February 12, 2025
Dear Member of Congress:
On behalf of the undersigned organizations collectively representing millions of working people and families all across the United States of America, we write to strongly oppose enacting any tax breaks for the wealthy, large corporations, and/or big businesses, including by extending or expanding the 2017 Tax Cuts and Jobs Act. If made permanent or extended, the benefits would go overwhelmingly to big business owners and wealthy households while increasing the federal debt by $4.3 trillion over the next 10 years. At a time with expensive and growing costs for healthcare, housing, education, and so much more, giving more tax breaks to wealthy individuals and large corporations will do nothing to bring down costs for families or improve their economic mobility. Enacting these new tax cuts for the wealthy is so expensive that President Trump & Congressional Republicans are looking to cut Medicaid, SNAP, other health care programs, public education, and other vital services that will increase costs and leave peoples’ wallets and economic safety net worse off now and for the next generation. No matter where we come from, what we look like, or who we voted for, overwhelming majorities of people and working families across the country oppose tax breaks for the wealthy and big corporations at the expense of our wallets and our futures.

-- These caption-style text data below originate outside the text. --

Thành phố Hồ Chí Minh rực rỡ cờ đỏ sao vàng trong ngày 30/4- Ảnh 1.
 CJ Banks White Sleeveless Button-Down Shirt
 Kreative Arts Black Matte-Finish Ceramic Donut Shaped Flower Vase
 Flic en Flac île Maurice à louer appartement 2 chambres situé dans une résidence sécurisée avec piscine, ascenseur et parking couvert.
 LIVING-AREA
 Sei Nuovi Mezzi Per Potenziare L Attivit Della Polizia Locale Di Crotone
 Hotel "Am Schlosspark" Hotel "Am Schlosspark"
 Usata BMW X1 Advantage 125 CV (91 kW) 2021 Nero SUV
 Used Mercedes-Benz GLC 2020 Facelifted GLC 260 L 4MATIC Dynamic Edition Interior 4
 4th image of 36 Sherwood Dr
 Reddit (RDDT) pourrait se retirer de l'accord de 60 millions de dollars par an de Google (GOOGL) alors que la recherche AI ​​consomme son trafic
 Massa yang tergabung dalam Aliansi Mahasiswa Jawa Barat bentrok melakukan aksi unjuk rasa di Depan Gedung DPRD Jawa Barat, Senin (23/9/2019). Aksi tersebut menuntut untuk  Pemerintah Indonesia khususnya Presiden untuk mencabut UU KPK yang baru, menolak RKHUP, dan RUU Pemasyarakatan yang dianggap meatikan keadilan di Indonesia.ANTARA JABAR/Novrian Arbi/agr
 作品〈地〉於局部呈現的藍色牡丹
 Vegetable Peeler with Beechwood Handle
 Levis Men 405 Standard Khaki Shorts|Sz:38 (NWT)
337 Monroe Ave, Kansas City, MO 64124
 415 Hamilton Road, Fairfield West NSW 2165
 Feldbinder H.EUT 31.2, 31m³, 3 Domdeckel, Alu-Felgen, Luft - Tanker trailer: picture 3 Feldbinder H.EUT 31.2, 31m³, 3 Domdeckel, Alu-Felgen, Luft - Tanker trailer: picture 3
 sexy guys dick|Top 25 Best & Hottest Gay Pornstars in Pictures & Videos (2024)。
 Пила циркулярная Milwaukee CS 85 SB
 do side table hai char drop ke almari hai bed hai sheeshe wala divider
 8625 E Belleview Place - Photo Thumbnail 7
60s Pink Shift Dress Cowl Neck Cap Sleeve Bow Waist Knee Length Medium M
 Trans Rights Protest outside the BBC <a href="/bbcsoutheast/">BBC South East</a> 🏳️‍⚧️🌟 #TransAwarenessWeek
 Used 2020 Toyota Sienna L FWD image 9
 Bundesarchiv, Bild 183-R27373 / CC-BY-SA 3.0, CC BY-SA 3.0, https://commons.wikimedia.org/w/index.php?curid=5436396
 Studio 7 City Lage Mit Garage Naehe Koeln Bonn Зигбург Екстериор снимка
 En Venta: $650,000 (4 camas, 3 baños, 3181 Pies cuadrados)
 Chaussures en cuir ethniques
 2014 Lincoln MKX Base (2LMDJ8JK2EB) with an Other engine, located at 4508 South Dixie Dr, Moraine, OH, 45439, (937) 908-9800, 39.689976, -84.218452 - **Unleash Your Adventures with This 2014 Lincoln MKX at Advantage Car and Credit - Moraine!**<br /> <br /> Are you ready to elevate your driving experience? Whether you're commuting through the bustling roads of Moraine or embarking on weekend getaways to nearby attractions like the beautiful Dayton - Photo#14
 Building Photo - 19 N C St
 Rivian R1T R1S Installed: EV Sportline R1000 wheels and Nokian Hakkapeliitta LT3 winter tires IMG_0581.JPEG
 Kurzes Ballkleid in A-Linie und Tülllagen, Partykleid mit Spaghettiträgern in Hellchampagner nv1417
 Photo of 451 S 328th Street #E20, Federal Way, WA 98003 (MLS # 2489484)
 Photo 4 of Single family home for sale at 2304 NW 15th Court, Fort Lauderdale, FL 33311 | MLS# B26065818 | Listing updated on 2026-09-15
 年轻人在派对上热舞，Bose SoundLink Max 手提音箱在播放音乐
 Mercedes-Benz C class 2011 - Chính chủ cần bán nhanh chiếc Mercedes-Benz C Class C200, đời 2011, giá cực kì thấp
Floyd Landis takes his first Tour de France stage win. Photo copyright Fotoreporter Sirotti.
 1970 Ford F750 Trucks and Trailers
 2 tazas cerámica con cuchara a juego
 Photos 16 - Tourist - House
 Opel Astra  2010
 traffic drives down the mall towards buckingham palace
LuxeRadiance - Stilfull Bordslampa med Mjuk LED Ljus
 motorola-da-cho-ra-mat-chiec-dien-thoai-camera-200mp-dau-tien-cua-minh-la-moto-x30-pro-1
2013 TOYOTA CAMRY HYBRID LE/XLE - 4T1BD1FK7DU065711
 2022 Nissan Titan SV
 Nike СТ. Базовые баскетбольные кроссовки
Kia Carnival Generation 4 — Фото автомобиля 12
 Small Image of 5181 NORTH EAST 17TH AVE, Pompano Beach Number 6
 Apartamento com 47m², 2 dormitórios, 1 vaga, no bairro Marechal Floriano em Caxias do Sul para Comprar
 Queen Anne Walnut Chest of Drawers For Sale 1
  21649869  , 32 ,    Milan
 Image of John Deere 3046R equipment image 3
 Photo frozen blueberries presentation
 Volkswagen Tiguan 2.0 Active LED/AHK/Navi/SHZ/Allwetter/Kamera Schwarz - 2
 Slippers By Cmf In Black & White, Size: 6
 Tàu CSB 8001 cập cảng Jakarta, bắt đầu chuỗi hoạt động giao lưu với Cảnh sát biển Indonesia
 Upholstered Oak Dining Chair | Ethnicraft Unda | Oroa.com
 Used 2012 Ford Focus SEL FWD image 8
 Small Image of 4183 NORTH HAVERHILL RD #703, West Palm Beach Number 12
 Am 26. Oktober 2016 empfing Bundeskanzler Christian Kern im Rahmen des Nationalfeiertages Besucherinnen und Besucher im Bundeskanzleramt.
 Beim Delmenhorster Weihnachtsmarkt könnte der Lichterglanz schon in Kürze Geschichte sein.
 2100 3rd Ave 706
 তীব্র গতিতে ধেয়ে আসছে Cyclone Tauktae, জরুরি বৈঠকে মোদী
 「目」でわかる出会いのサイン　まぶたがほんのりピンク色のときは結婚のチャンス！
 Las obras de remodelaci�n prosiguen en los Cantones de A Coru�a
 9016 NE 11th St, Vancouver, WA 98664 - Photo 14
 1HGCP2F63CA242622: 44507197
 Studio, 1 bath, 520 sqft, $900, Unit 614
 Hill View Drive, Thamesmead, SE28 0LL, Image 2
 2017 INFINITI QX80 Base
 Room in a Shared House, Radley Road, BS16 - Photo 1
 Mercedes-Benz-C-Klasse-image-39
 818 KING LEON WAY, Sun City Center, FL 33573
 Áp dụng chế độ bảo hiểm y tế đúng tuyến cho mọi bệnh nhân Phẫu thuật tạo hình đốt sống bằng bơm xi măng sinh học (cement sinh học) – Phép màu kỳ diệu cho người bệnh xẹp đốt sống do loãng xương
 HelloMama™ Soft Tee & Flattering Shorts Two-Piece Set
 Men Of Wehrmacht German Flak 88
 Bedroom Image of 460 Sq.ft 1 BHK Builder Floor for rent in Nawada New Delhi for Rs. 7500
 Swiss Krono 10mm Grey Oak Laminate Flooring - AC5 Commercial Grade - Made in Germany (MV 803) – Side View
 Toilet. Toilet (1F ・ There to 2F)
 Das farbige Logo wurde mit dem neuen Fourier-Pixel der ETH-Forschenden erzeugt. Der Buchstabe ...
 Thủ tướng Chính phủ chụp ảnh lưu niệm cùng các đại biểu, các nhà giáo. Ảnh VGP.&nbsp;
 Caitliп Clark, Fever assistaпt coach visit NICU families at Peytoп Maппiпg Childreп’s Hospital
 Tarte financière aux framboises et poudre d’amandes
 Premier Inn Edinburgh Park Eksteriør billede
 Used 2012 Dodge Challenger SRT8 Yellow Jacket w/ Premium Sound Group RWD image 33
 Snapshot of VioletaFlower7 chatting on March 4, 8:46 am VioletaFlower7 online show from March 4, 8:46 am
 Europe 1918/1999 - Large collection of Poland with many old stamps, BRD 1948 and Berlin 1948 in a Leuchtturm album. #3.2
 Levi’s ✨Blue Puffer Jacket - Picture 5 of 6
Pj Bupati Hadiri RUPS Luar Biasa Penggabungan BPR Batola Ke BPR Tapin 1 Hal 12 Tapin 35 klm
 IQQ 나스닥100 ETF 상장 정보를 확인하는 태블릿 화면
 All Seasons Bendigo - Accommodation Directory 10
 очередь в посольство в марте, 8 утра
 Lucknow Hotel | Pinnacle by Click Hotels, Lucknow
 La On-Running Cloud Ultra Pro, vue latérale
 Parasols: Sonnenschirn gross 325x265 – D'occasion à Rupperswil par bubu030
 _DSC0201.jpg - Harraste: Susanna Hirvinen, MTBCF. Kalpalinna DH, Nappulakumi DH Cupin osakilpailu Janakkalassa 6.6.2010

The 2017 Trump tax law has been a failure for the economy and none of the promised benefits have materialized for lower and middle income people. Trump Administration economic officials and Congressional Republicans claimed that “the average household would, conservatively, realize an increase in wage and salary income of $4,000” from the TCJA’s combination of a lower corporate tax rate and the ability to immediately write off investments. As if one outlandish unfounded promise to people wasn’t enough, the chair of the Council of Economic Advisers at the time of the bill’s passage went even further and predicted that average household income could rise as much as $9,000 per year as a result of the tax package. But those promised income improvements never materialized anywhere close to where President Trump and Congressional Republicans promised, and many middle income families saw their taxes increase. But the top 1% of wealthy individuals received on average a $61,000 tax cut and the top 0.1% each got an estimated $252,000. There is absolutely no reason to continue giving wealthy people special tax breaks while sticking families with the cost.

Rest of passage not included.